Volatility Module

How it works

The Volatility Module works by analysing all available trading pairs on your selected exchange, and creating buy signals based on the configuration options given. For instance, a Volatility module can be used to create a strategy that buys any coin that gained at least 3% in the last 5 minutes. This can run as its own strategy, or be paired with a Oscillator & Moving Averages module and/or a Technical Analysis Module. Learn more about how Stacked/Multi-layered Modules work here.

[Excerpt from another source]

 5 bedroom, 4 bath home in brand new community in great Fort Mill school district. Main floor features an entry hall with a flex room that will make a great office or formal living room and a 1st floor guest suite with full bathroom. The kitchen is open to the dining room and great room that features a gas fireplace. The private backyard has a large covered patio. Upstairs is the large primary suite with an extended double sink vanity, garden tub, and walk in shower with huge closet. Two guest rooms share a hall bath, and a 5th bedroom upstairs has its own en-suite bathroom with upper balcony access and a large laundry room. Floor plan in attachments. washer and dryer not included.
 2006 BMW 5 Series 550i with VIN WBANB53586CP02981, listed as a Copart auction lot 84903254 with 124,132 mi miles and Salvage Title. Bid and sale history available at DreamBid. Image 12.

The Volatility Module, in addition to the General Config Options uses two main variables that define the way it works: Price Change and Timeframe

 

Price Change

This represents the minimum threshold in % that any coin needs to gain before a trade can be triggered. For instance setting it to 5 means that AESIR will check across all coins on the exchange for one that has gained a minimum of 5% within the Timeframe defined below.

 

Timeframe

The maximum amount of time in which the Price Change happens. This is a rolling window, and if the Price Change is reached before the Timeframe limit, it will still trigger a trade.

 

Examples

Let's say that you want to buy any coin on Binance whose rose by at least 5% in the last 3 minutes. In this scenario, you will set Price Change to and Timeframe to 180. Any coin whose price raises by at least 5% within a 3 minute rolling-window of time would qualify and thus a trade would be placed. The above is just an example, as you will probably need to find a strategy that suits you.